U.S. Geological Survey map showing the macroclimatic scale of the entire Mokelumne-Consumnes River Watershed, sandwiched between the Sierra Nevada and the Sacramento-San Joaquin River Delta/San Francisco Bay area, all having a direct impact on the Lodi AVA's winegrowing conditions, or "terroir"
Okay, so now we're all even more confused. Focus, however, on Robinson's reference to "holistic combination." Terroir is a total sum of any and all natural factors associated with a given place's climate and topography — the typical temperatures and diurnal shifts, the rainfall or dearth thereof, the slant of a hill or flatness of a plain, the makeup of topsoil and subsoils, the wind and strength of solar radiation, altitudes and latitudes, and on and on.
The presumption of the word is that all these things influence the characteristics and quality of grapes, which influence how growers farm their grapes and how vintners craft and package their wines (meaning, there is a human factor in terroir since grapevines do not grow themselves) — all of which, in turn, makes a huge impact on how resulting wines taste.
Hence, the oblique yet frequently used definition of terroir that basically summarizes its outcome: "sense of place." Or as a mafia don would put it, "it is what it is."
Sense of Place In Lodi Grown Whites
Yes, many Lodi wines have a strong sense of terroir. Admittedly, not most of them, since most grapes grown in Lodi end up in value priced wines that are deliberately produced to duplicate certain types of wines that meet the expectations of the consumers most apt to buy them. When you buy a California Chardonnay, for instance, most Chardonnay consumers expect a wine that is white, more or less dry, full enough in body to fill the mouth, round enough to feel smooth as it goes down, and with aromas and flavors that suggest fruits like apple or pineapple, usually with a smidgen of vanilla and fire toasted wood to suggest an "oak" complexity.
The thing about "Chardonnay," in this sense, is that it really doesn't matter where it comes from — Napa Valley, Livermore Valley, Barossa Valley, Columbia Valley, Okanagan Valley, Maipo Valley... as long as it tastes like what a consumer expects out of a Chardonnay. Consequently, most commercial Chardonnays taste pretty much alike. Why disappoint Chardonnay drinkers? These kinds of wines are not terroir focused. They're what the industry calls "varietal" wines (American varietal wines, according to federal law, must consist of at least 75% of whatever grape variety is listed on a label), and Lodi grows tons of them.
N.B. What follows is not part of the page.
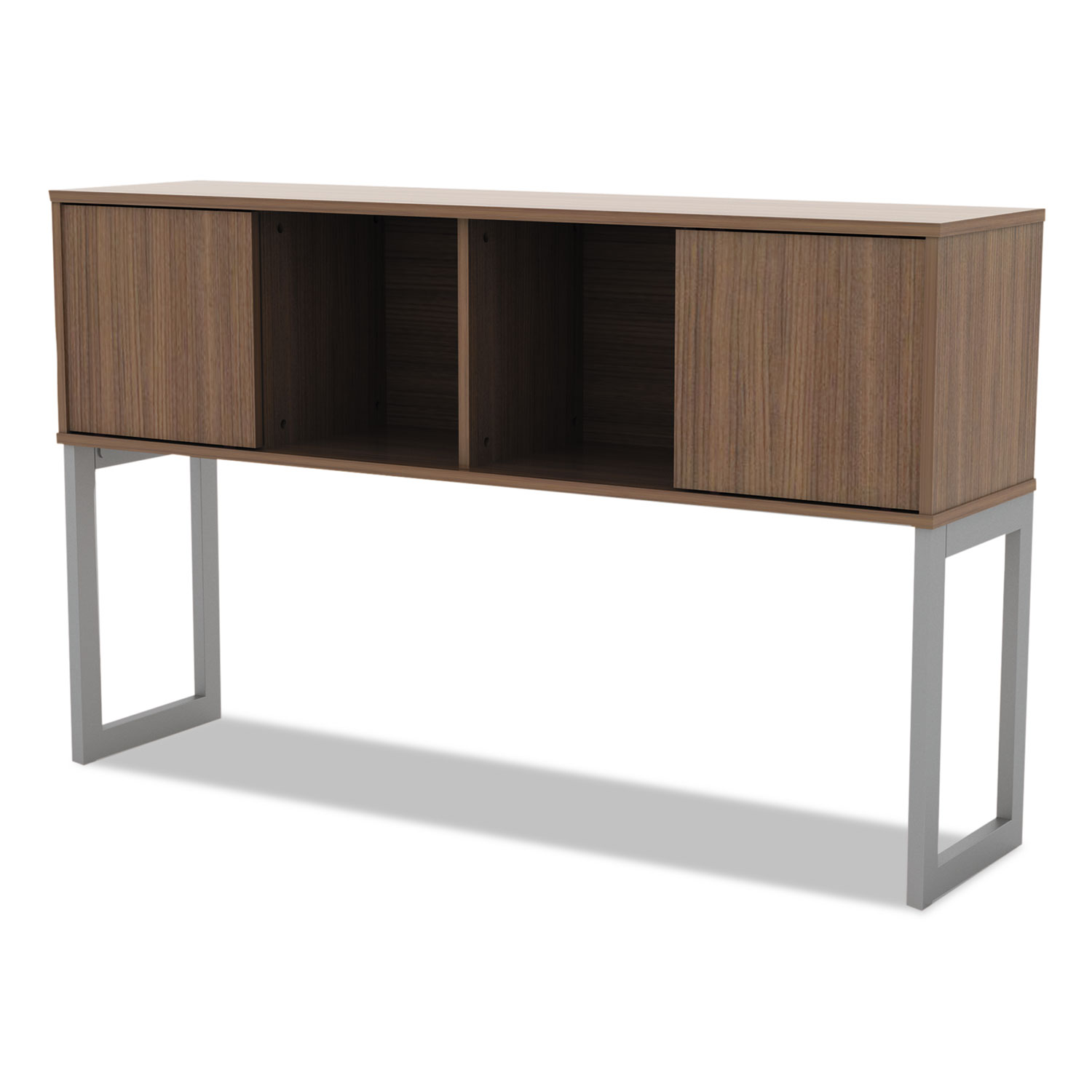 Alera Open Office Desk Series Hutch, 60w x 15d x 36 1/2h, Modern Walnut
But at what point does a Lodi wine express terroir? One of the region's best Chardonnays, for instance, is grown in Harney Lane Winery's estate vineyard, located next to the winery facility. This Chardonnay is quintessentially "Chardonnay" — round, lush, creamy smooth and full, with dollops of honeyed apple and smidgens of vanillin oak. Five or six years ago, however, owners Kyle and Jorja Lerner began to notice that Chardonnay fruit they were growing a few miles down the road on Scottsdale Rd. (just west of Hwy. 99) produced wines with crisper, edgier citrus qualities, and a little less "tropical" in fruit profile.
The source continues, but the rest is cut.